ジャパン・シニア・リビング・パートナーズ 代表取締役社長の藤村隆氏
ジャパン・シニア・リビング・パートナーズ 代表取締役社長の藤村隆氏
[画像のクリックで拡大表示]

 その特性上、同社が投資する物件は施設型CCRCと呼ばれるものだ。さらに富裕層からアッパーミドルをターゲットとするため、まち全体を包括する自治体版CCRCとは性格が異なる。そうした中でも、比較的イメージが近いのが東京・多摩ニュータウンで運営する「ゆいま~る聖ヶ丘」である。いわゆる団地再生型のプロジェクトであり、1階に小規模・多機能のデイサービス、2~4階までが自立高齢者のための居室となる。

 さらに1階には、地域に開かれた「ゆいま~る食堂」を有する。「安くておいしい食事を近所の人たちも体験することができる。そこで地域住民と入居者が地域交流を図っている。地域のNPO法人が栽培した野菜を食材として使うなど、地域交流を意識した作りだ」(藤村氏)。

 同社ではこれらの知見を生かし、全国のCCRCのプロジェクトにも参画している。藤村氏は「あくまで施設型CCRCを成功させるための条件」とした上で、移住したくなる魅力があること、自立者を中心とした終の棲家であること、スケールメリットがあること、アッパーミドル層を対象とすること、事業継続性のある事業者が運営することの5項目を挙げた。

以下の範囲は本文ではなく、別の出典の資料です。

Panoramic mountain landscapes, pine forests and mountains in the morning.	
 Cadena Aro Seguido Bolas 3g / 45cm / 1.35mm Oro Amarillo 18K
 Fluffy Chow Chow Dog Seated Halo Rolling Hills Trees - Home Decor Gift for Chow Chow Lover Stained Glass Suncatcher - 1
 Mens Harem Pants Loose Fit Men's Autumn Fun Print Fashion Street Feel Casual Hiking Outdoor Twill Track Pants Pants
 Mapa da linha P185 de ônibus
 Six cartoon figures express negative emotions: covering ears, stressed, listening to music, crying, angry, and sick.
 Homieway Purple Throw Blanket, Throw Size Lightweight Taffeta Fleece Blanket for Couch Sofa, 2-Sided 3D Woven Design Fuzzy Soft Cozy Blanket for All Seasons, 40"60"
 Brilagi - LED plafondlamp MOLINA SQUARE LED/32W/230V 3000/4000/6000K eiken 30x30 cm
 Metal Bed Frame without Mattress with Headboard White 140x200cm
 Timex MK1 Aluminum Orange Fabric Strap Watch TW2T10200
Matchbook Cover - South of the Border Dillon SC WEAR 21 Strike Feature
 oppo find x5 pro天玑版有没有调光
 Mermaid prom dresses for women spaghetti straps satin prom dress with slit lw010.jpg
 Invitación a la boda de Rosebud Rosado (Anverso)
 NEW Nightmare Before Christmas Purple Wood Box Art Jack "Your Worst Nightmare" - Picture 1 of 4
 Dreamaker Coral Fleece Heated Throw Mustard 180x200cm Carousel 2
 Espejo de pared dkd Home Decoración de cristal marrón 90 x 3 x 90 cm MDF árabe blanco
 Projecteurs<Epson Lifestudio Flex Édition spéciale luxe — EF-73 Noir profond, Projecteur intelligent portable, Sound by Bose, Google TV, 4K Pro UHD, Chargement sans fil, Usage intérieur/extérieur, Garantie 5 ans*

 「リートの場合、まちそのものを購入するわけにはいかないので、あくまで施設型に限定される。(日本版CCRCは)人口減少対策、移住促進対策と言われるが、20~30の居室では貢献できない。数百人の規模で外部から人を移住させて初めて成功と言える。そうした意味でも一定規模は必要になってくる。ハード面でも一定規模がないとパブリックスペースが確保できず、コミュニティー面でもあまりに少人数だと煮詰まってしまう」(藤村氏)。

 また、アッパーミドル層を対象とすることに関して、藤村氏は「やや誤解を招くかもしれない」としながらも、「自治体から見ても、むしろ、移住してきてお金を使ってくれる層がありがたい。コミュニティーの多様性と同質性を共存させることも重要だ」と語り、自治体版CCRCとは異なる側面からの地域貢献について触れた。